Print the entries in full, word for word, but not the pictures.

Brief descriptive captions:
-------
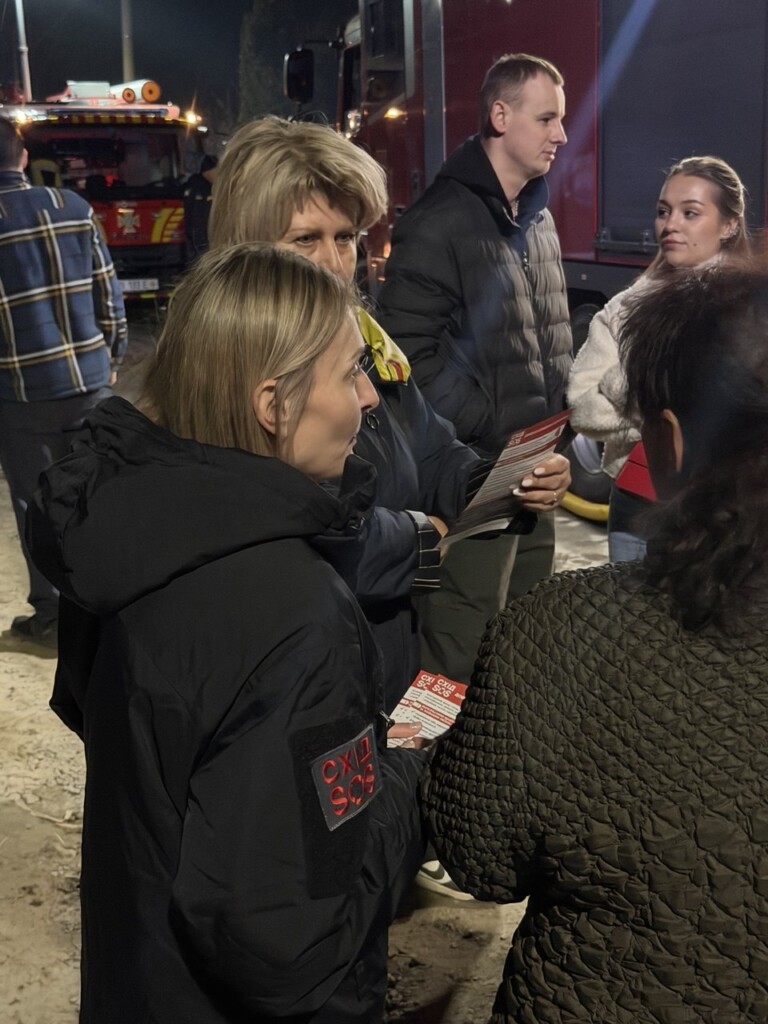 Команда БФ «Схід SOS» надала допомогу постраждалим від масованої ворожої атаки у Дніпрі та Вінниці | БФ «Схід SOS», картинка №9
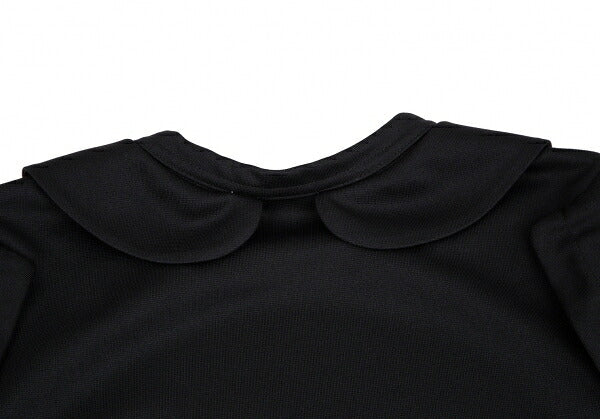 COMME des GARCONS 22AW Round Collar 2D Cut Top Black Size S
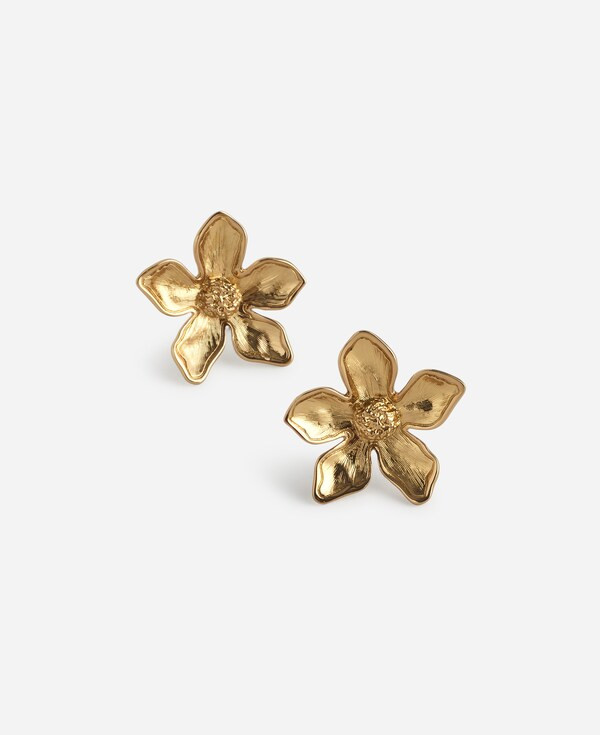 Flower Statement Stud Earrings | Madewell | Madewell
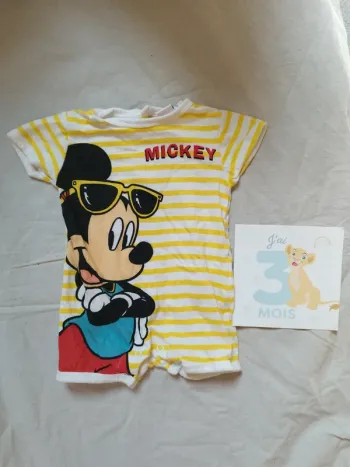 Barboteuse Mickey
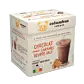 Chocolate quente de caramelo salgado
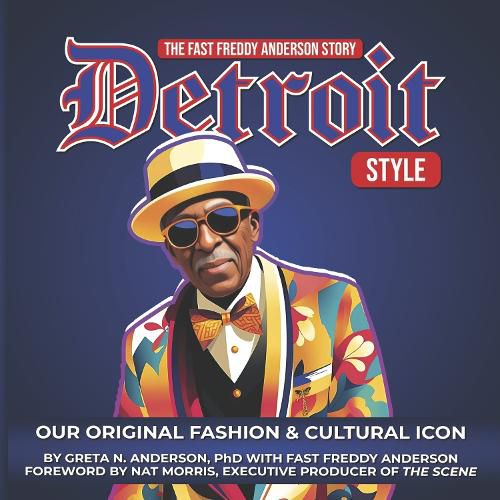 Cover image for Detroit Style: The Fast Freddy Anderson Story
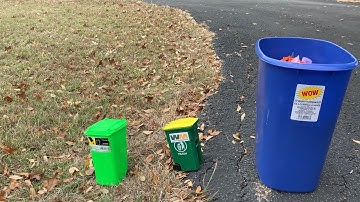 Trash Day With Waste Management in Real Life 2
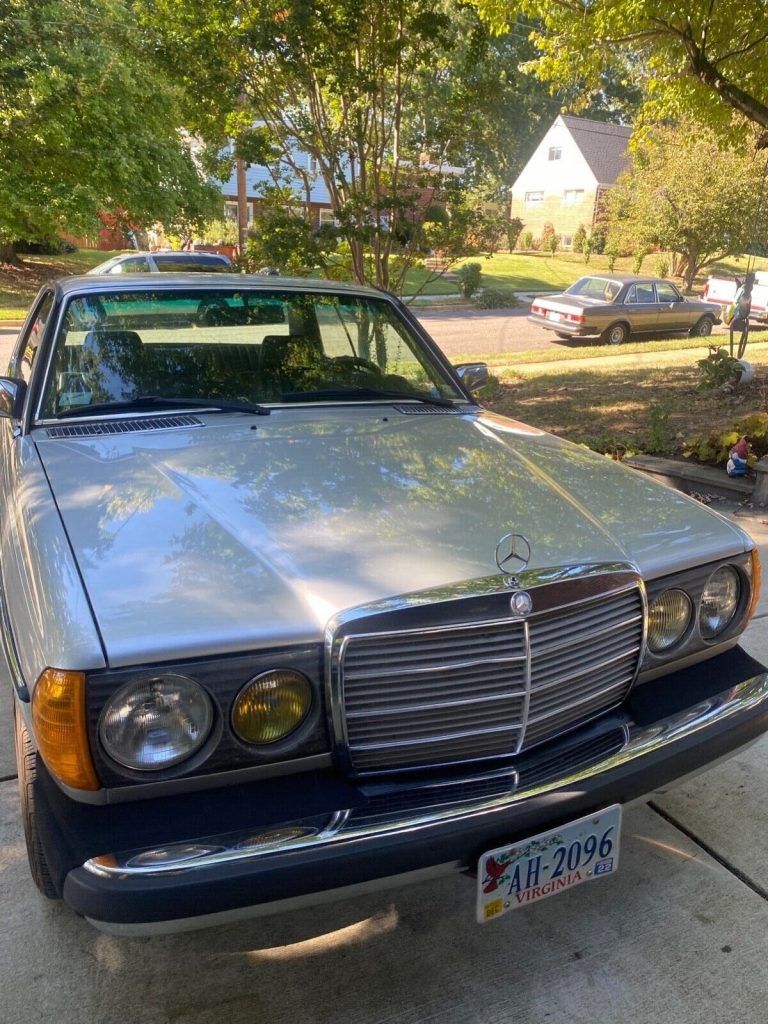 1982 Mercedes-Benz 300 Turbo Diesel Coupe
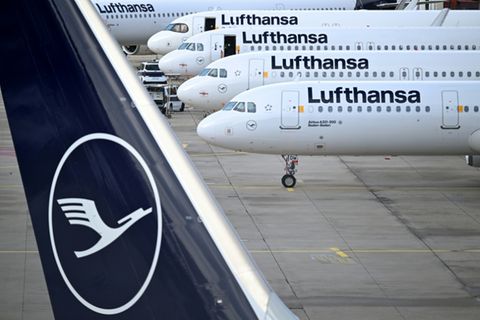 Lufthansa-Maschinen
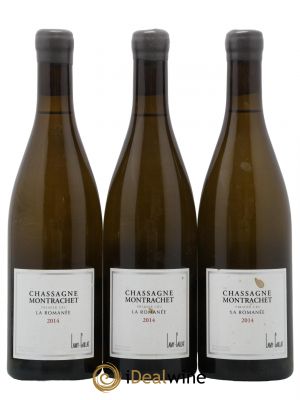 Chassagne-Montrachet 1er Cru La Romanée Lamy-Caillat (Domaine)  2014 - Lotto di 3 Bottiglie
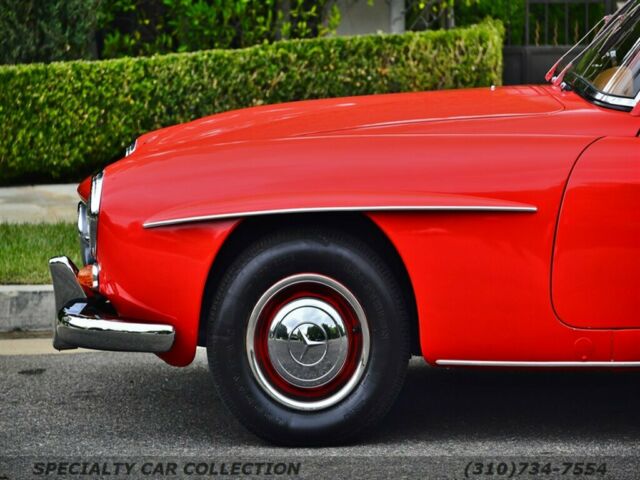 Mercedes-Benz SL-Class 1961 image number 7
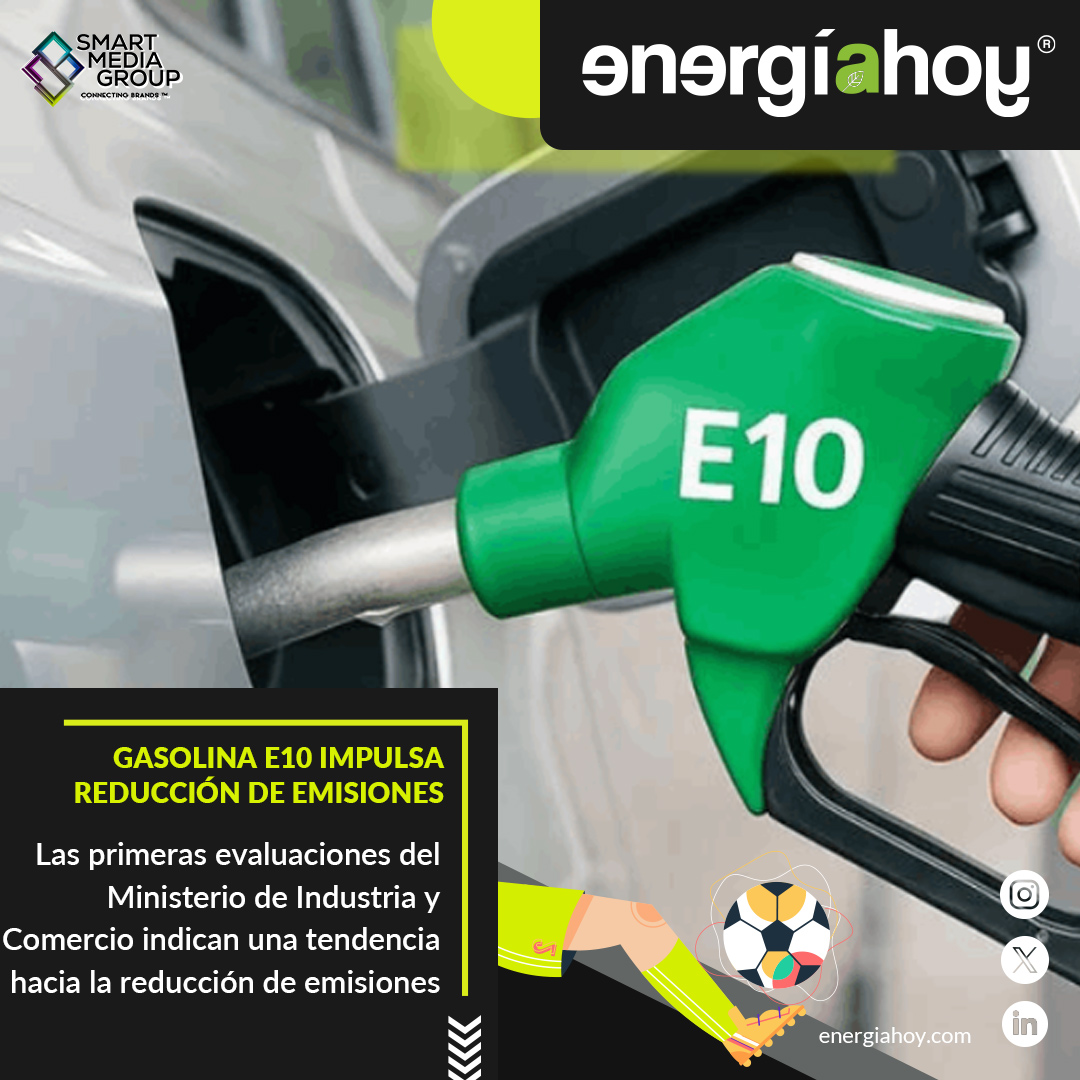 energiahoy's tweet photo. ⛽🌱 La gasolina E10 contribuye a reducir las emisiones y avanzar hacia una movilidad más sostenible.

Conoce sus beneficios y el impacto que podría tener en la transición energética.

🔗https://t.co/h87OP2jSvf

#GasolinaE10 #TransiciónEnergética #Movilidad #MedioAmbiente https://t.co/IpByZB7lCr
-------
Answer to this problem:
 Команда БФ «Схід SOS» надала допомогу постраждалим від масованої ворожої атаки у Дніпрі та Вінниці | БФ «Схід SOS», картинка №9
 COMME des GARCONS 22AW Round Collar 2D Cut Top Black Size S
 Flower Statement Stud Earrings | Madewell | Madewell
 Barboteuse Mickey
 Chocolate quente de caramelo salgado
 Cover image for Detroit Style: The Fast Freddy Anderson Story
 Trash Day With Waste Management in Real Life 2
 1982 Mercedes-Benz 300 Turbo Diesel Coupe
 Lufthansa-Maschinen
 Chassagne-Montrachet 1er Cru La Romanée Lamy-Caillat (Domaine)  2014 - Lotto di 3 Bottiglie
 Mercedes-Benz SL-Class 1961 image number 7
 energiahoy's tweet photo. ⛽🌱 La gasolina E10 contribuye a reducir las emisiones y avanzar hacia una movilidad más sostenible.

Conoce sus beneficios y el impacto que podría tener en la transición energética.

🔗https://t.co/h87OP2jSvf

#GasolinaE10 #TransiciónEnergética #Movilidad #MedioAmbiente https://t.co/IpByZB7lCr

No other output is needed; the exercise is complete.